Mark Mangino was standing behind a podium Saturday, and he was talking about his defense, and he was doing this in a rather un-Mangino-like fashion.
He was using words like “phenomenal” and “stellar,” and this was a bit odd, because, well, these are not the kinds of words Kansas University’s eighth-year football coach typically chooses to use in describing any part of his football team. They are not, for instance, “work in progress” or “unfinished product” — popular Mangino phrases that hint at some sort of untapped potential or ongoing struggle toward proficiency.
The kindly adjectives seemed applicable enough, however, following a performance in which the team’s defense — with the usually dependable offense unable to convert late — overcame a slow start to register four straight fourth-quarter stands and help the Jayhawks hold on for a 35-28 victory Saturday over the previously unbeaten Golden Eagles.
“They just stayed with it and stayed with it and got beat on plays, but never got discouraged, never got down, had faith in themselves and their coaches,” Mangino said. “And it turned out they played a phenomenal fourth quarter.”
Nowhere was this more evident than on the Golden Eagles’ final drive.
Following a stalled Kansas series and subsequent punt, Southern Miss. took over on its own 33-yard line with 1:53 remaining and a chance — with a score and two-point conversion — to return to Hattiesburg, Miss., with a signature victory and 4-0 start.
For Kansas, this wasn’t exactly a gimme situation. Even without running back Tory Harrison, who left the game in the first quarter with an undisclosed injury, the Golden Eagles had rolled up 363 yards and 28 points through three quarters, at times exposing a Kansas pass defense that had spent the season’s first three weeks beating up on clearly overmatched opponents.
When it mattered most, however, the Jayhawks clamped down.
Southern Mississippi’s first two plays resulted in just three yards. A third-down sack by defensive end Jake Laptad — the Jayhawks’ only sack of the game — set up a fourth-and-15 situation, meanwhile, and USM quarterback Austin Davis’ next pass fell harmlessly incomplete to propel the Jayhawks to their own 4-0 start for only the second time since 1995.
“You talk about needing every guy on the team for all four quarters to win the game, and that’s what today was,” said KU quarterback Todd Reesing, who completed 30 of 41 passes for 331 yards and three touchdowns and surpassed former Texas standout Vince Young for seventh on the Big 12’s all-time total-offense list. “It took everybody out there playing hard from the first snap to the last snap to win the game, and the defense came up huge at the end.”
While it was the team’s final stand that ultimately secured victory, however, it was the defense’s collection of fourth-quarter work that provoked Mangino’s liberal use of complimentary adjectives.
Kansas’ young defensive unit hung tough on all four of its fourth-quarter appearances, giving up just 32 yards of total offense in the final 15 minutes while not allowing Southern Miss. to advance pass its own 43-yard line.
On their first drive of the quarter, trailing 35-28, the Golden Eagles worked their way to their own 43 before KU defensive back and former Free State standout Ryan Murphy intercepted a pass from USM’s Davis.
Murphy came up big again on the Golden Eagles’ next possession, wrapping up USM running back Leroy Banks after a one-yard gain on third-and-three to force a punt.
And on the Golden Eagles’ next series, Kansas forced three consecutive incomplete passes before Southern Miss. punted for the final time.
“When you get down to the end of the game, you’ve got to have guts,” said Laptad, who has been in on a sack in each of the team’s first four games. “You’ve got to stop them … and each player needs to play like they’re the (guy) that needs to make the play.”
Still, Saturday’s game was far from perfect.
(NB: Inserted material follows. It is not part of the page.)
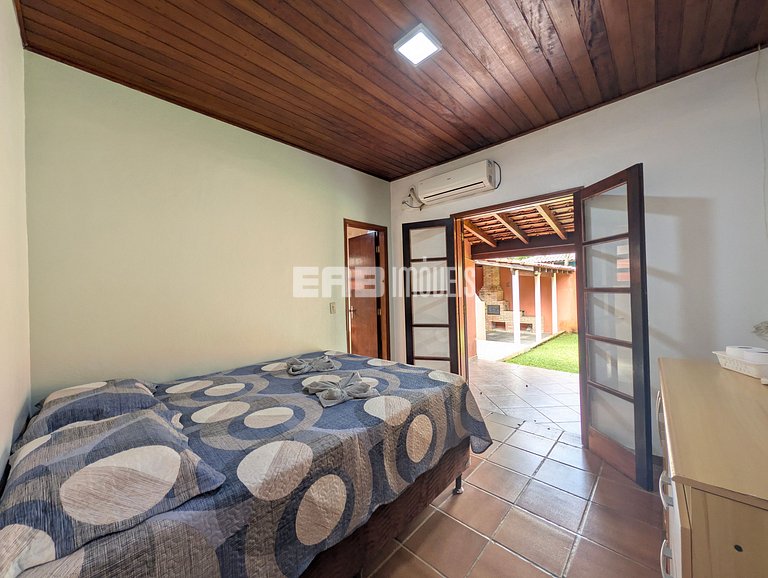Casa com 5 dormitórios a 150m do mar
Kansas’ running game, which entered the weekend ranked second in the conference and piled up 92 first-half yards Saturday, managed just 10 yards in the second half. The Jayhawks turned the ball over nearly as many times (two) as they had in their previous three games combined (three), while it’s worth mentioning, too, that the team’s defense began trulyt o click late in the game, when, in addition to Harrison, fellow USM standouts Darion Fletcher and receiver DeAndre Brown also were forced to the sideline, dealing with bumps and bruises of their own.
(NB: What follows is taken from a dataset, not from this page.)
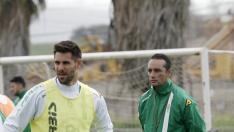 El zaragozano Luso Delgado, uno de los capitanes del Córdoba, en un entrenamiento de esta semana junto a José Luis Oltra, el técnico blanquiverde.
Given all that, however, there was a certain sense of excitement in the aftermath of Saturday’s victory.
The team had entered the season with four nonconference games on its schedule, after all, and had found a way to win each of them — something that can’t be said for many of the nation’s top teams so far this young season.
“There are a lot of people out there that are getting upset, all over the nation,” Reesing said. “They’ve got some high rankings, and they’re not holding true to them. So I think a win, at this point in college football, is as high as it gets.”
And minor issues aside, Mangino appears to be heading into his team’s bye week pleased with the current state of affairs — particularly, a defense that had undergone its first true test of the season and emerged unscathed.
“I thought we took a big step today in becoming a mature defense,” Mangino said. “We have some work to do, but I think it was a big step.”